Need Supply Co.
- Formerly: Blues Recycled Clothing
- Industry: clothing
- Founded: 1996
- Defunct: 2020
- Fate: Downturn in sales
- Area served: United States Japan
- Products: Men’s and Women’s Apparel, footwear, and accessories
- Owner: Christopher Bossola
- Website: https://needsupply.com/

= Need Supply Co. =

Need Supply Co. was a U.S.-based e-commerce company founded by Christopher Bossola which was in business 1996–2020. The company shut down in September 2020 due to financial problems brought on by the COVID-19 pandemic.

== Overview ==
Need Supply Co. was a clothing and lifestyle brand based in Richmond, Virginia. The business was started with 300 pairs of vintage Levi's and a 250 sq. ft. store. The company later expanded their offerings to include men's and women's clothing (including luxury fashion and premium streetwear), accessories, footwear, beauty, and home products. In Richmond, it was known for its congenial staff and as a hub for the art and fashion communities.

In 2008, Need Supply Co. launched their web store at needsupply.com and have been growing a global customer base ever since. They curate a mix of well-known brands and up-and-coming independent designers from the U.S. and abroad.

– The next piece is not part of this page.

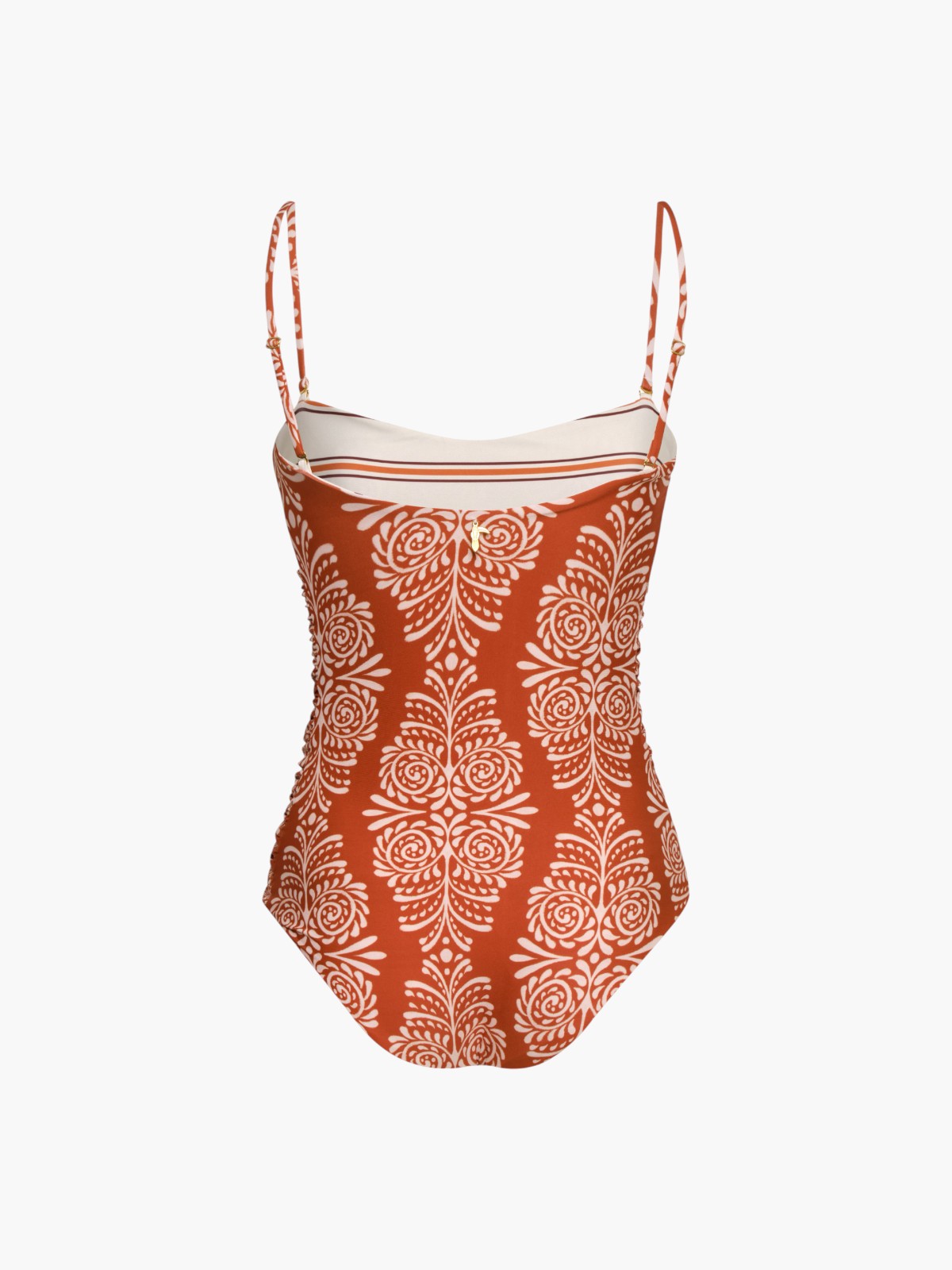 Las Balsas One Piece | Red Arabesque/Orange Stripes Las Balsas One Piece | Red Arabesque/Orange Stripes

Inc. 5000 named Need Supply Co. to its 2013 list of America's Fastest-Growing Companies, earning a ranking of 723 of 5,000.

In 2015, Need Supply Co. expanded into the Japanese market with stores in Tokyo. The same year, the company started NEED, a men's and women's apparel line designed and produced exclusively for Need Supply Co. In later years, NEED expanded into additional categories, including accessories and footwear.

In 2016, Need Supply Co. minority shareholders Herschel Capital Co., acquired the Seattle-based luxury retailer, Totokaelo, and entered into a long-term operating agreement with Need Supply Co. management to oversee operations for Totokaelo's Seattle and New York retail stores, as well as their e-commerce fulfillment.

Formal measures began in 2018 to merge both Need Supply Co. and Totokaelo under a single parent company, NSTO; the merger completed in 2019. At that time, NSTO also consolidated multiple Richmond, VA offices and relocated their staff into a new global headquarters for NSTO in Richmond's Scott's Addition neighborhood.

In 2019, Need Supply Co. (now officially NSTO) was again named to the Inc. 5000 list of America's Fastest-Growing Companies, earning a ranking of 1,711.

===Closure===
The company permanently shut down in September 2020. The company had insufficient capital to survive a downturn in sales stemming from the COVID-19 pandemic.

== Human Being Journal ==
In 2012, Need Supply Co. started designing and producing a biannual print magazine entitled "Human Being Journal," which featured independent artists and designers from around the globe, in addition to features on music, food, culture, architecture, and fashion. The magazine was distributed globally and in 2014, was also translated into Japanese. The Human Being Journal translation partnership eventually led to Need Supply Co. opening stores in Japan in 2015.